Making large, important technical decisions is a critical aspect of a senior individual contributor's role. With the wide impact these decisions can have, it is essential to make the correct decision. Even more vital is ensuring the decision is made and communicated in a way that the team members impacted by it trust and buy in to the decision. Otherwise, even the best decisions will never realize their full potential when executed.
This case study examines how Comcast has employed the Analytic Hierarchy Process (AHP), a decision-making framework developed in the 1970s, and adapted it for making technical and non-technical decisions both large and small. We will cover the key aspects that have made it successful for engineering teams, what we learned from our early mistakes, signs that the decision-making process you use is working effectively, and how you can easily leverage the AHP for your decisions.
What's the focus of your work these days?
I am an Engineering Fellow at Comcast where I help lead the development of the Xfinity app. My expertise is in web development, but as we have transformed the app over time from a hybrid native and web app to a more fully native experience, I have been working with iOS and Android as well. As the most senior engineer in my org, I am always looking for opportunities to improve how our teams build software. With that, I have been recently focusing on how we collaborate on architecture decisions and communicate them among our distributed teams.
What's the motivation for your talk at QCon New York 2023?
A few years ago, there was a large technical decision we had to make. There were a few different options to choose from, and each had its own set of strong supporters within our team. My VP at the time told me essentially “I trust you and the team to make the right decision about which technology to use, but how do you know that the process you’ll use to arrive at that decision is effective?” This led me to do some research on how decisions are made outside of the tech industry. In my research I came across a decision-making process called the Analytic Hierarchy Process that was created in the late 1970s, it has been debated academically for years, and is still in use today. We tried it out and found that not only did it help us reach a decision, but going through the process also helped everyone buy into the decision. We have since used the process many times at Comcast, tweaking it along the way, and the feedback has always been positive.
How would you describe your main persona and target audience for this session?
Any software engineer at any level will be able to benefit from my talk, as I discuss how to approach decision-making, why the Analytic Hierarchy Process works, and how exactly to use it effectively. That being said, the ones that will get the most benefit will be those at a Staff+ level where they are looked at as the leaders in their organization and need to navigate how to make large decisions and more importantly, get buy-in for those decisions. It is also worth noting that although we have used this process numerous times for very large decisions, we have also been able to quickly leverage it for small ones as well, so there is something in the talk for everyone.

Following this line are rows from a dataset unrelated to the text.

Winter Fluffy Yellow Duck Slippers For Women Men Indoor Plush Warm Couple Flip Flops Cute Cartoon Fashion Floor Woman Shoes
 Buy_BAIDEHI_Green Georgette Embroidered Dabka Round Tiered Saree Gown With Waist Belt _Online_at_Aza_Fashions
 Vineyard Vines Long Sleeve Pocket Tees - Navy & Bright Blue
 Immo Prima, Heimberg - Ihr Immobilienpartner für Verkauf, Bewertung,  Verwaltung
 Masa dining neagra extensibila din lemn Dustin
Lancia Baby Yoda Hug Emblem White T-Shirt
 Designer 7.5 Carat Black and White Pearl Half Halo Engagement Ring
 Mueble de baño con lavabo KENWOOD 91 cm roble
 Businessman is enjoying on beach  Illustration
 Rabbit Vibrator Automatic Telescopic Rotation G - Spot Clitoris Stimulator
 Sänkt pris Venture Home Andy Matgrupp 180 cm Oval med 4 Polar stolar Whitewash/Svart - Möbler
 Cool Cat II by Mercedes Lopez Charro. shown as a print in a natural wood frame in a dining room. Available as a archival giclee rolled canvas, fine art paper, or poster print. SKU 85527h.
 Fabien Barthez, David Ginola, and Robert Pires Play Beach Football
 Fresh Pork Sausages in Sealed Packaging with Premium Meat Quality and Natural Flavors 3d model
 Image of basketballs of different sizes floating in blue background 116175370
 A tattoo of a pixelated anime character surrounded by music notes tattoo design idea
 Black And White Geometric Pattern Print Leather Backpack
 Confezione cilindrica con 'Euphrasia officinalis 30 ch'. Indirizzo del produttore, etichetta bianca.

Is there anything specific that you'd like people to walk away with after watching your session?
Be willing to give the Analytic Hierarchy Process a try the next time you have a big decision to make, especially when you want to include others in the decision-making process, or if the impact is large and you want to clearly articulate why a decision was made.
Engineering Fellow @Comcast and @Google Developer Expert
John Riviello created his first hypertext document on the Internet in 1996 and has been obsessed with building for the web ever since. He spends his days as an engineering Fellow at Comcast, where he leads the development of the Xfinity app. He is also a LinkedIn Learning course author and a Google Developer Expert in Web Technologies. In his free time, he prefers surfing waves over surfing the Internet.